====== INPUT FOR THIS TASK

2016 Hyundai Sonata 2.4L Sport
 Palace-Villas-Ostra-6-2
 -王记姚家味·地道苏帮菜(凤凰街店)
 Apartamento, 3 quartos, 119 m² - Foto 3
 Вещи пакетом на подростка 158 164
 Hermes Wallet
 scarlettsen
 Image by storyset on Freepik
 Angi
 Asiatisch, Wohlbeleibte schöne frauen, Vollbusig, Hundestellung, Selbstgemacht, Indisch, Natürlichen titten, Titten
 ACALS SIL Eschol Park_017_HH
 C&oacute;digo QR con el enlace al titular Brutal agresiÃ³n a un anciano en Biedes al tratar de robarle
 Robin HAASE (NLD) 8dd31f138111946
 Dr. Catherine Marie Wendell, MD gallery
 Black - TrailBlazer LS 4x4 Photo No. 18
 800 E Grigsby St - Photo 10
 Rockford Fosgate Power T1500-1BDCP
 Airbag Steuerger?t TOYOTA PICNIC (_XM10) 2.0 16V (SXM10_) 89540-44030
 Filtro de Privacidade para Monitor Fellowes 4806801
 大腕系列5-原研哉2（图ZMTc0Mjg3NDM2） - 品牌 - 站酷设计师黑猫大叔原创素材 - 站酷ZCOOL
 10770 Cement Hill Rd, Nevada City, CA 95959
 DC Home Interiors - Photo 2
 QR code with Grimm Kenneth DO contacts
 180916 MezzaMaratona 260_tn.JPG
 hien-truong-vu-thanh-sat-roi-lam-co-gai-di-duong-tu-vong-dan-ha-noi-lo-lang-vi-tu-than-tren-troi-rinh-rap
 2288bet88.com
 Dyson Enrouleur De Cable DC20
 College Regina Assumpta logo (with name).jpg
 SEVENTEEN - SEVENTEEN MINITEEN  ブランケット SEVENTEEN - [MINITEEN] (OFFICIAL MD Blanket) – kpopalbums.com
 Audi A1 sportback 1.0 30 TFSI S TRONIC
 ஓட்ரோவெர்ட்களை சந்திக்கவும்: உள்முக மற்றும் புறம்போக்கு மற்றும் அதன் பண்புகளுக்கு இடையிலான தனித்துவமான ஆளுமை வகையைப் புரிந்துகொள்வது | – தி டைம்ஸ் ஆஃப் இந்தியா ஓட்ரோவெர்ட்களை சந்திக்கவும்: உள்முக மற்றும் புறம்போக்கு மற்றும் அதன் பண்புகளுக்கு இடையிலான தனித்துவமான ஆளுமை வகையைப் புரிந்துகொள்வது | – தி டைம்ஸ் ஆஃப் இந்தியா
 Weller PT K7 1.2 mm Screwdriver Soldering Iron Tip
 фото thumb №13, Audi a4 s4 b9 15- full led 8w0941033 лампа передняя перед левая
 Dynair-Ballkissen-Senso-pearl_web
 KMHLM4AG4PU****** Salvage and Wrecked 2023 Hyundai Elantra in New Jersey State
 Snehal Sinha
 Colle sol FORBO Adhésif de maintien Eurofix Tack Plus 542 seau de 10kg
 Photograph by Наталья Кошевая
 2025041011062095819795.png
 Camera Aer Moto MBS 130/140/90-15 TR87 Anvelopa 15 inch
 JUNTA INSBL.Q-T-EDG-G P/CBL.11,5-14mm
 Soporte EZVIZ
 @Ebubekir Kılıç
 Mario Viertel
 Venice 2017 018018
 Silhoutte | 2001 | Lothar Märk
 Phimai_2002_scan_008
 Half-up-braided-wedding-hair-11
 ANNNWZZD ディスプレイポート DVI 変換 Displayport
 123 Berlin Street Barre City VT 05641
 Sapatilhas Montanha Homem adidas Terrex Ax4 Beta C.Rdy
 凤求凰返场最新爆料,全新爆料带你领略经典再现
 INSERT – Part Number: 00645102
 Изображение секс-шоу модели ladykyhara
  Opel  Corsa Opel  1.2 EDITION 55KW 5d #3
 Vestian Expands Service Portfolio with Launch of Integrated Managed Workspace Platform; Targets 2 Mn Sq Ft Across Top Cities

============

Each line above from the one with "C&oacute;digo QR con" up to and including the one with "College Regina Assumpta logo (with name).jpg" must be set down exactly, and no line outside that span may appear.

 C&oacute;digo QR con el enlace al titular Brutal agresiÃ³n a un anciano en Biedes al tratar de robarle
 Robin HAASE (NLD) 8dd31f138111946
 Dr. Catherine Marie Wendell, MD gallery
 Black - TrailBlazer LS 4x4 Photo No. 18
 800 E Grigsby St - Photo 10
 Rockford Fosgate Power T1500-1BDCP
 Airbag Steuerger?t TOYOTA PICNIC (_XM10) 2.0 16V (SXM10_) 89540-44030
 Filtro de Privacidade para Monitor Fellowes 4806801
 大腕系列5-原研哉2（图ZMTc0Mjg3NDM2） - 品牌 - 站酷设计师黑猫大叔原创素材 - 站酷ZCOOL
 10770 Cement Hill Rd, Nevada City, CA 95959
 DC Home Interiors - Photo 2
 QR code with Grimm Kenneth DO contacts
 180916 MezzaMaratona 260_tn.JPG
 hien-truong-vu-thanh-sat-roi-lam-co-gai-di-duong-tu-vong-dan-ha-noi-lo-lang-vi-tu-than-tren-troi-rinh-rap
 2288bet88.com
 Dyson Enrouleur De Cable DC20
 College Regina Assumpta logo (with name).jpg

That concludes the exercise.